Ensuite et toujours en se référant à votre ouvrage « À corps et à toi », nous comprenons mal comment on peut envisager l’homosexualité sous l’angle d’un « choix de vie ». Notre sexualité n’est pas un choix. Notre sexualité fait partie intégrante de ce que nous sommes.

Autant de questions, Mr le Grand Rabbin, sur lesquelles nous aurions aimé vous entendre, car elles sont pour nous capitales.

Ceci dit, cette conférence nous donne de l’espoir.

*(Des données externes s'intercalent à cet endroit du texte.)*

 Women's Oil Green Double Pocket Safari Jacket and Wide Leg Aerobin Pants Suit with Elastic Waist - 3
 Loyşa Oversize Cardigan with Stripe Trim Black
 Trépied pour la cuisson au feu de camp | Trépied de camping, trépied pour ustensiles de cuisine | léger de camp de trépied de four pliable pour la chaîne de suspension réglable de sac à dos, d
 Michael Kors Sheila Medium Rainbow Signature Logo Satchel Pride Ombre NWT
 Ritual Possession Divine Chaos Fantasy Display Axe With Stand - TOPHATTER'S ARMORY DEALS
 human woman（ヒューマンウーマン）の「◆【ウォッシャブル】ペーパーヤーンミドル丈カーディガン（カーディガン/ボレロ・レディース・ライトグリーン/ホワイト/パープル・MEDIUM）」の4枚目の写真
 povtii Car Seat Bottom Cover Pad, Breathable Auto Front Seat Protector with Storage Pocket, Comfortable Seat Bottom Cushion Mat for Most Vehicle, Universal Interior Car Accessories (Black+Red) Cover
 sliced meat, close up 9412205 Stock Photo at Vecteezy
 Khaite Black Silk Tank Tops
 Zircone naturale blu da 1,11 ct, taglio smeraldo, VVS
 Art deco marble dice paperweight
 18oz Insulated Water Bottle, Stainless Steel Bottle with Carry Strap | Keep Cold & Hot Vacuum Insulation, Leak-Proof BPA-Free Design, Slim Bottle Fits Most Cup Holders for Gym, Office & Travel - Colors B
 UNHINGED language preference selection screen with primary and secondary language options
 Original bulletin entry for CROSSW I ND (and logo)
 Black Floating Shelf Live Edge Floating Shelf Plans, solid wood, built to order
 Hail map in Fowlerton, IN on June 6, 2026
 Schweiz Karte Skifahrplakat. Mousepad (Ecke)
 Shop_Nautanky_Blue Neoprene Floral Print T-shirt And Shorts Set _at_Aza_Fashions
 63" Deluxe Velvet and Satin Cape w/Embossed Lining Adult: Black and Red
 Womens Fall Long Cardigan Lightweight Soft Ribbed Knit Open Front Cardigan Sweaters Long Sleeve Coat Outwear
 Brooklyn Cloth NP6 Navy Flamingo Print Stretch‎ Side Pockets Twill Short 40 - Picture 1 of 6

Celui de vous entendre sur les questions précitées, mais aussi et surtout, de pouvoir construire, à l’avenir, une vraie relation d’échange et de dialogue avec vous.

Nous gardons en tête les paroles réconfortantes et bienveillantes que vous avez prononcées mercredi soir, et l’honneur que vous nous avez fait par votre présence.

Nous espérons, enfin, que vous mettrez dorénavant votre énergie à accueillir des personnes LGBT au sein des institutions et communautés juives.

Pour notre part, nous maintenons notre vigilance et continuerons de refuser la banalisation du discours homophobe, par tous les moyens légaux.